[[ Data for analysis open ]]

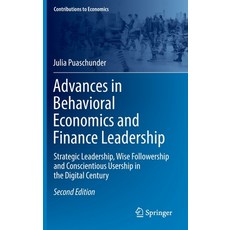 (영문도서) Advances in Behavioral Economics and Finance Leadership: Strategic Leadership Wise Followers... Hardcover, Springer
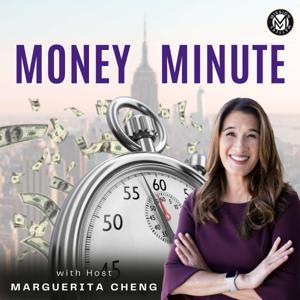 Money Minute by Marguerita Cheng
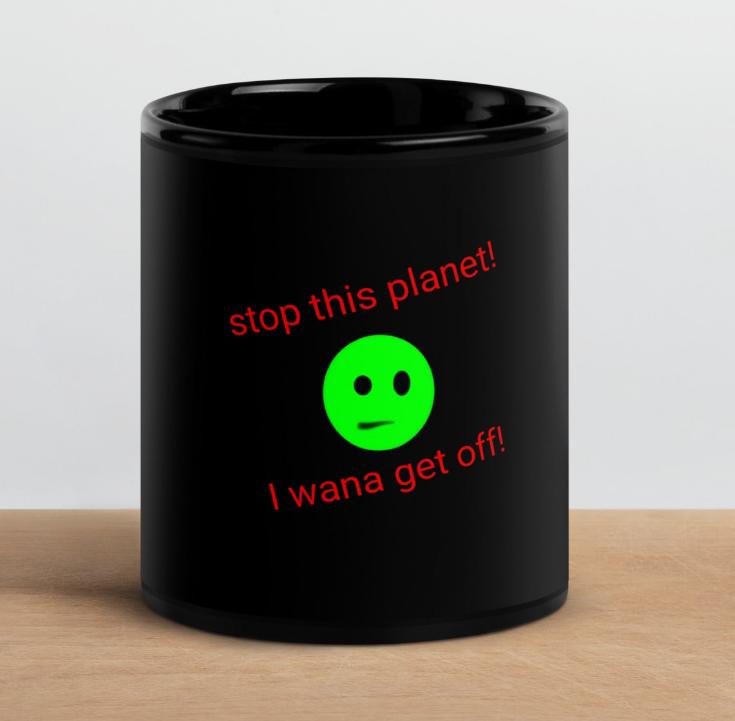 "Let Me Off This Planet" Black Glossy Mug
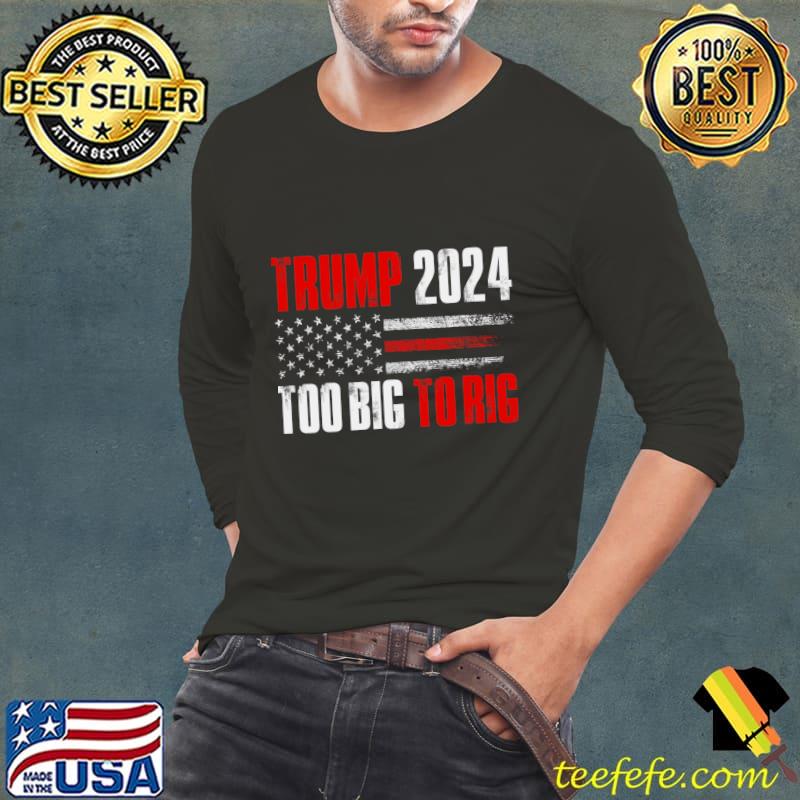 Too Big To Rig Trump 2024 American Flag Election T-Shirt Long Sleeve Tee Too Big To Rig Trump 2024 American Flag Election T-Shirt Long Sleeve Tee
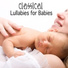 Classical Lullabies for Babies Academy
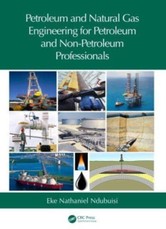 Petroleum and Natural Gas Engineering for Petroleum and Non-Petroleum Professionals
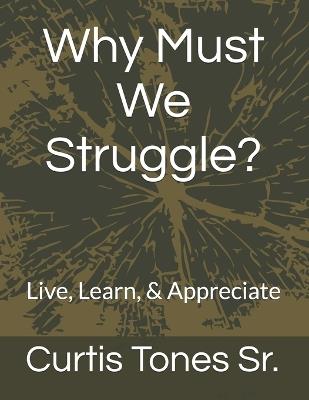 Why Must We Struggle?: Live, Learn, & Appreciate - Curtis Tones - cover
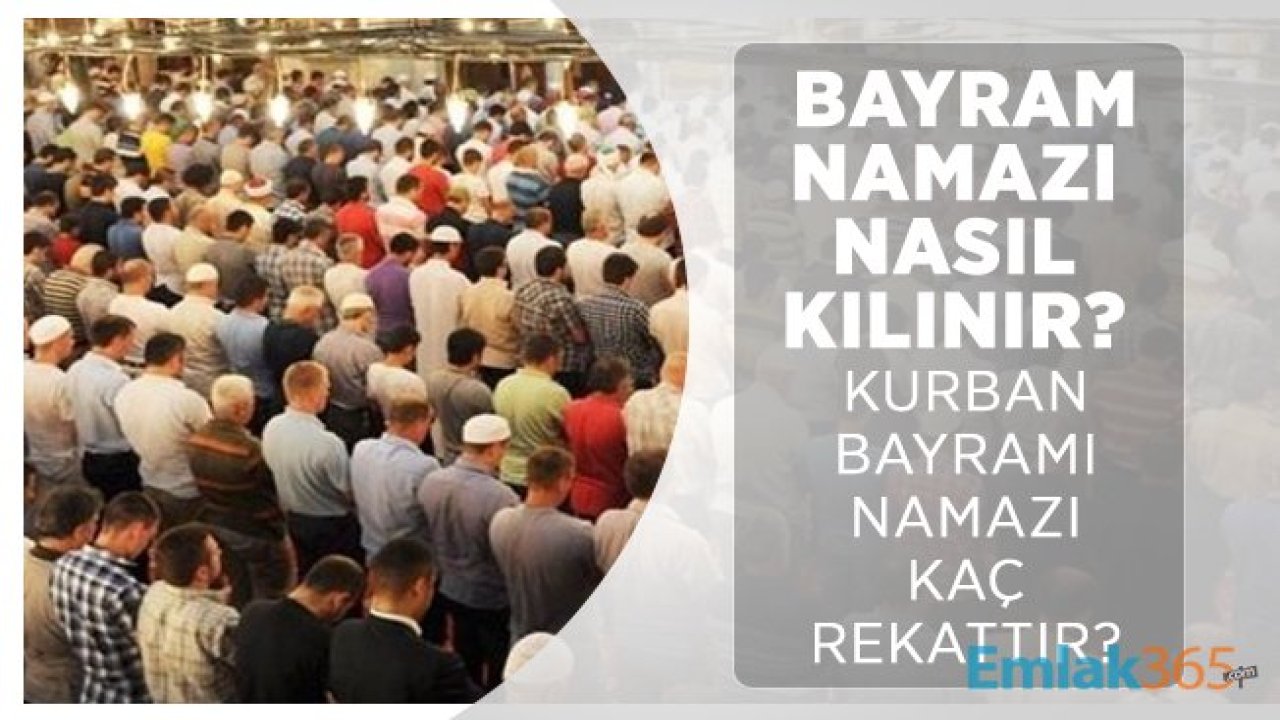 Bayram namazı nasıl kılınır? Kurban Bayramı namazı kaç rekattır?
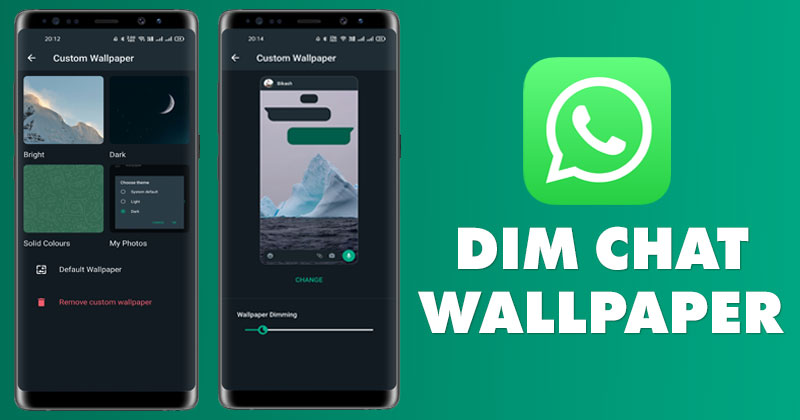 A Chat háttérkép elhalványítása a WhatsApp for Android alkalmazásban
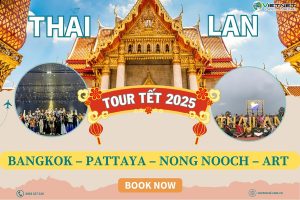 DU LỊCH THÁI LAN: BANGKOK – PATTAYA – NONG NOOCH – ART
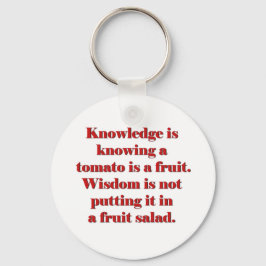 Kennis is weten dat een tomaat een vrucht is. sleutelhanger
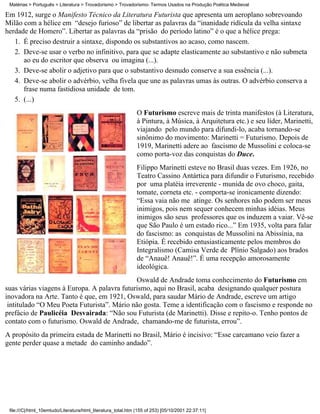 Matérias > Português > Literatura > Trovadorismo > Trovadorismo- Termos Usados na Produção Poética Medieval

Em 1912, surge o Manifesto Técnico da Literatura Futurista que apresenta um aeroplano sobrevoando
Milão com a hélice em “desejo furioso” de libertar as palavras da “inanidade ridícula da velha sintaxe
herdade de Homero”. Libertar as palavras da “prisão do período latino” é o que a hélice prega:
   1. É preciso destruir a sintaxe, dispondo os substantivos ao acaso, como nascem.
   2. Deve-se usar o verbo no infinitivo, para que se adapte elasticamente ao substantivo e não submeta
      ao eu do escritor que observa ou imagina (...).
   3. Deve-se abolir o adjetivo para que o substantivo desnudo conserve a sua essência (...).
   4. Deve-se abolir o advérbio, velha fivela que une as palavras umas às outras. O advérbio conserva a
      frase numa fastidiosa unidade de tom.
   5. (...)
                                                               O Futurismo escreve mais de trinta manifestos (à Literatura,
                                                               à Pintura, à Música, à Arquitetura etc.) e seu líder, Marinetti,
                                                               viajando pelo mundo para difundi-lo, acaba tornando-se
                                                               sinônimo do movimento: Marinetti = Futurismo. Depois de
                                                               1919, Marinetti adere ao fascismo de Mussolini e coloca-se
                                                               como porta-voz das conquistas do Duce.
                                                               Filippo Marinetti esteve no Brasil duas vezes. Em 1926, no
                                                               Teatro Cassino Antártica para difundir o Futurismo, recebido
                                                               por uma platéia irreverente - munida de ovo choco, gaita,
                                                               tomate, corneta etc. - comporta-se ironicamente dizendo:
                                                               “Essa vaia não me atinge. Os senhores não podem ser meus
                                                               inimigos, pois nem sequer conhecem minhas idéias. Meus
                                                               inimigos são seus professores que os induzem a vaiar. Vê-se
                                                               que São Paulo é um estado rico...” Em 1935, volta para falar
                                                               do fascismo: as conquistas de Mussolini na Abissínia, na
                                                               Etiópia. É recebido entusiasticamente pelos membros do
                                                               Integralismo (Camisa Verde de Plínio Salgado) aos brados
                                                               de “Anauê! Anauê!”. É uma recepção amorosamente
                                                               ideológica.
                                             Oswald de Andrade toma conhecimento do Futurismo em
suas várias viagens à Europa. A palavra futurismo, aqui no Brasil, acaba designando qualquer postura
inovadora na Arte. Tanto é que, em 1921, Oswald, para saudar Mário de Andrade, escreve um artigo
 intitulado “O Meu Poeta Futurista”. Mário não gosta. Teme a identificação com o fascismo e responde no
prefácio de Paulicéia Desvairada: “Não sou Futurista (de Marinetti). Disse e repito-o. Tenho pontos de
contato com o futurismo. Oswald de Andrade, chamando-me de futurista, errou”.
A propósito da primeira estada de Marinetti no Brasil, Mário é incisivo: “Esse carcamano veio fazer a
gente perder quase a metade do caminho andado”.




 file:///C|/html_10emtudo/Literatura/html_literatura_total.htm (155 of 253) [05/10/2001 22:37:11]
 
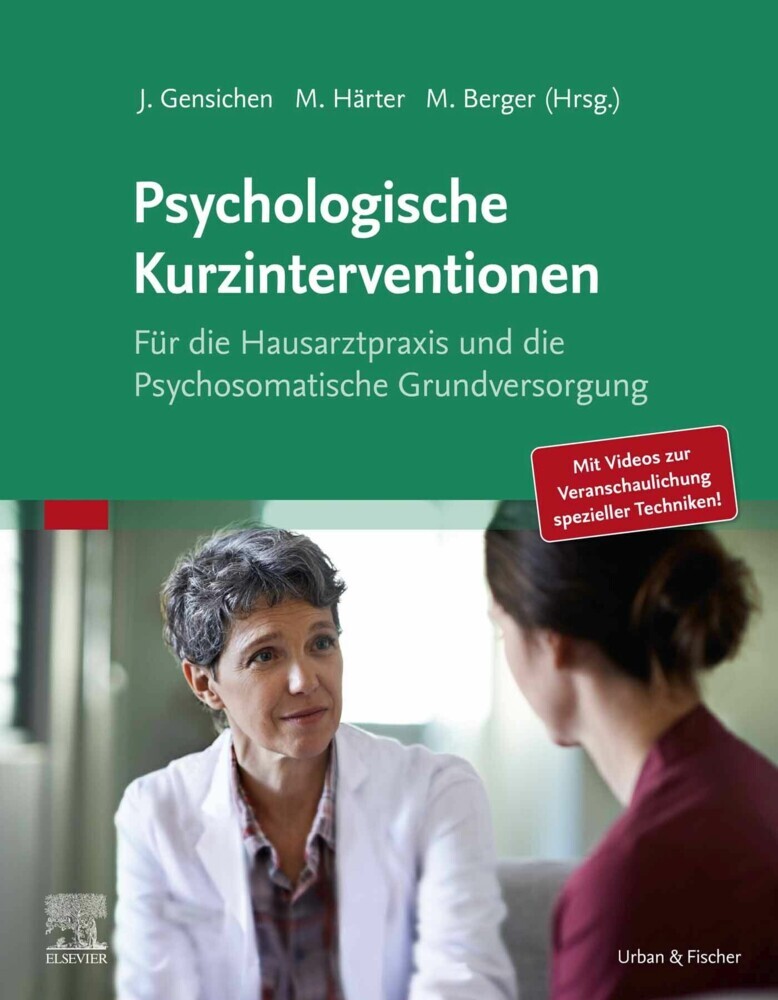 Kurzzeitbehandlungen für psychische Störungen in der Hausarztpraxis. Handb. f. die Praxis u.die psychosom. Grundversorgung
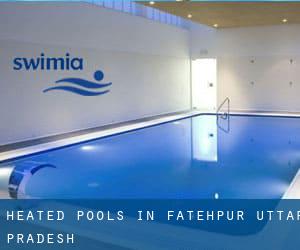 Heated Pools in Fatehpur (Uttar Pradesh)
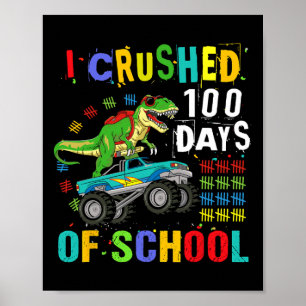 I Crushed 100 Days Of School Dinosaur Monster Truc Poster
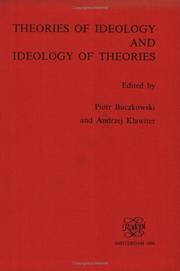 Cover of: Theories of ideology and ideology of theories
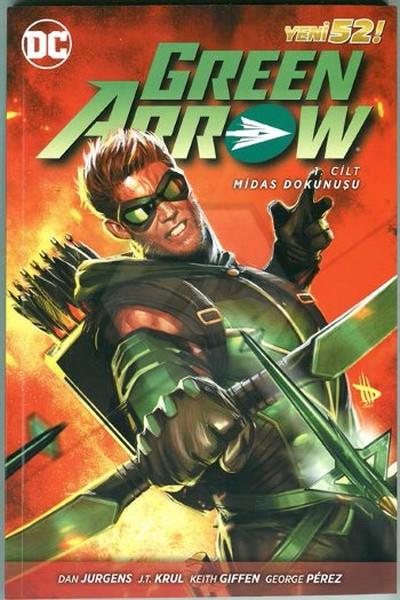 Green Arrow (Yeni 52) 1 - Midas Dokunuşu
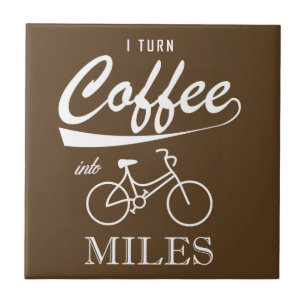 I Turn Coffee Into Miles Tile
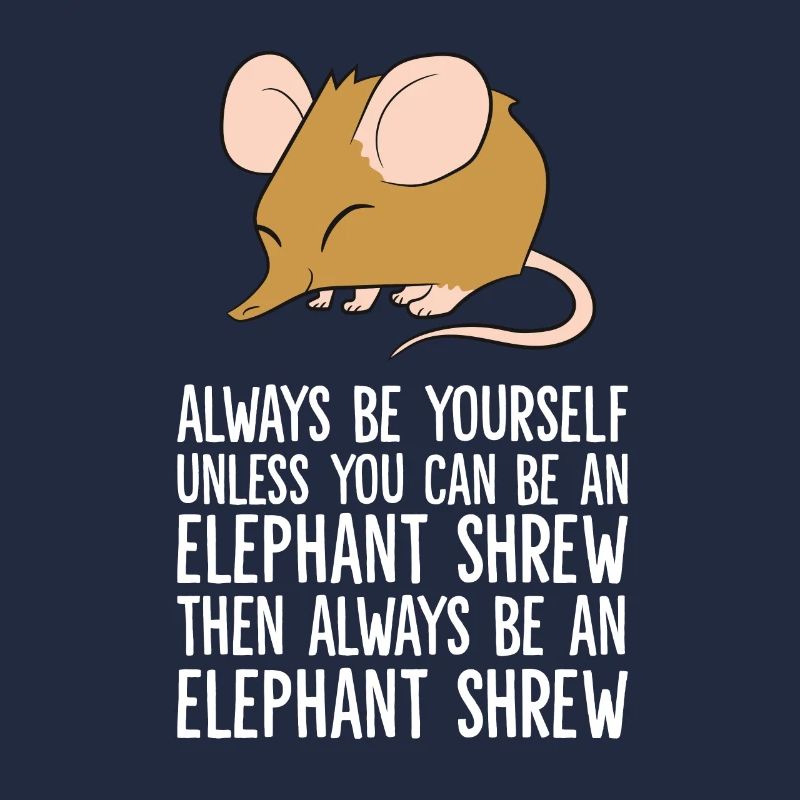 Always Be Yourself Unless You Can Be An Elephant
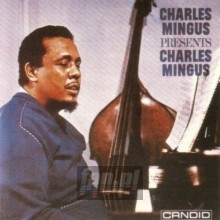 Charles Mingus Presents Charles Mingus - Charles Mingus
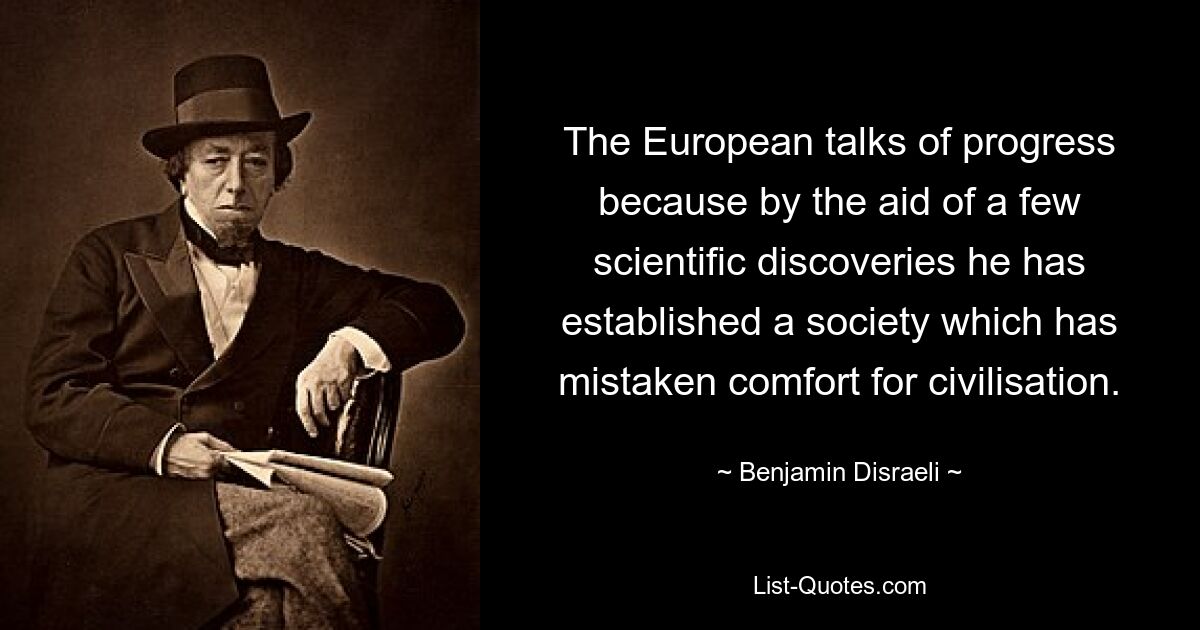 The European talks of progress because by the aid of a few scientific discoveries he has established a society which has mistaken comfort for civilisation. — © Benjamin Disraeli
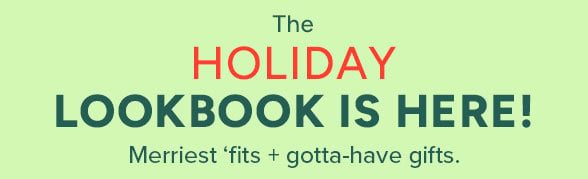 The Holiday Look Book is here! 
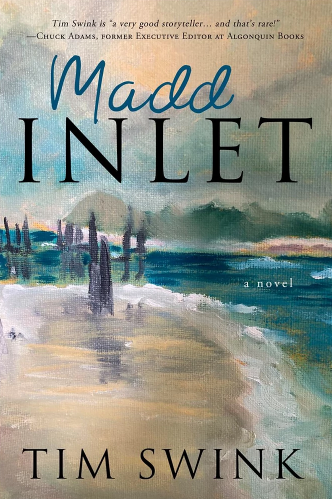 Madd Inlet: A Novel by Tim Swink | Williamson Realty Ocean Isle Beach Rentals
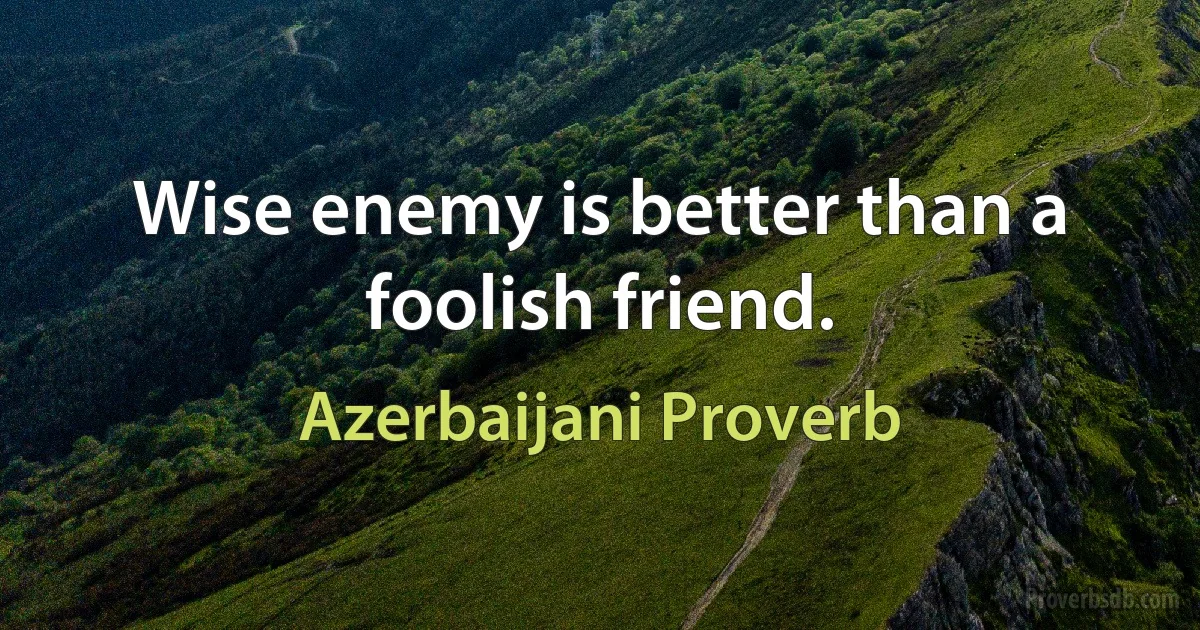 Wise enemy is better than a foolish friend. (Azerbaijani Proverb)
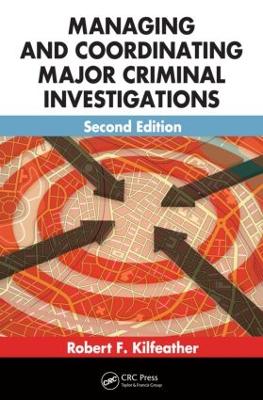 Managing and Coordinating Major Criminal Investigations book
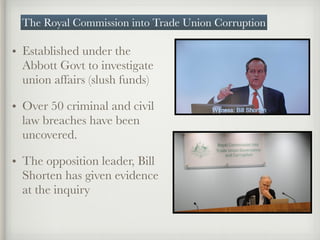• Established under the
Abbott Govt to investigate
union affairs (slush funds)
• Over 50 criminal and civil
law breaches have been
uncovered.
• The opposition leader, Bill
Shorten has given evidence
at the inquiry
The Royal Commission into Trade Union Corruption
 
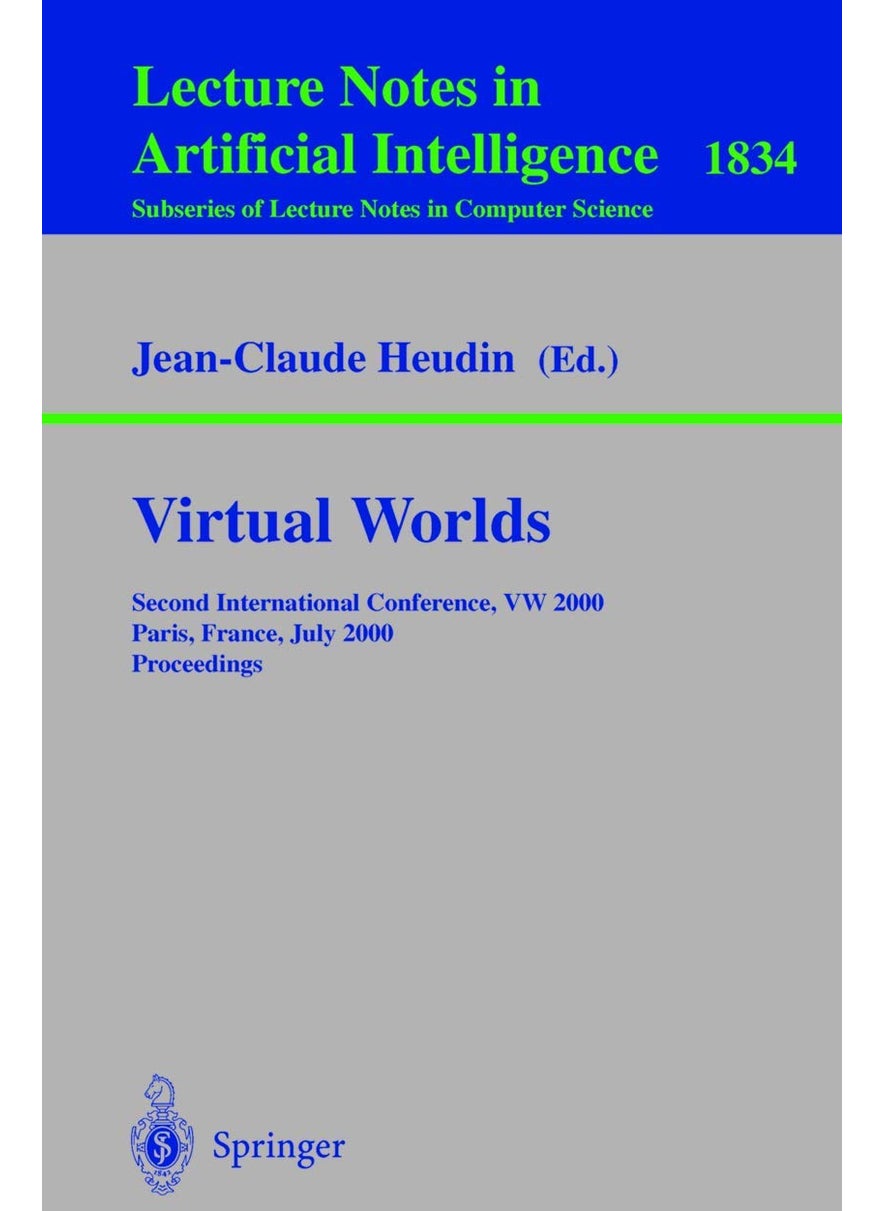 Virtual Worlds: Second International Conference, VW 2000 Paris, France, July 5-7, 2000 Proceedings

[[ Data for analysis closed ]]

• What the exercise asks: Nothing but the lines above from the one that has "A propósito da" down to the one that has "I Crushed 100" belongs in the answer, copied exactly, without pictures.

• Result of this exercise:
A propósito da primeira estada de Marinetti no Brasil, Mário é incisivo: “Esse carcamano veio fazer a
gente perder quase a metade do caminho andado”.




 file:///C|/html_10emtudo/Literatura/html_literatura_total.htm (155 of 253) [05/10/2001 22:37:11]
 
 Kurzzeitbehandlungen für psychische Störungen in der Hausarztpraxis. Handb. f. die Praxis u.die psychosom. Grundversorgung
 Heated Pools in Fatehpur (Uttar Pradesh)
 I Crushed 100 Days Of School Dinosaur Monster Truc Poster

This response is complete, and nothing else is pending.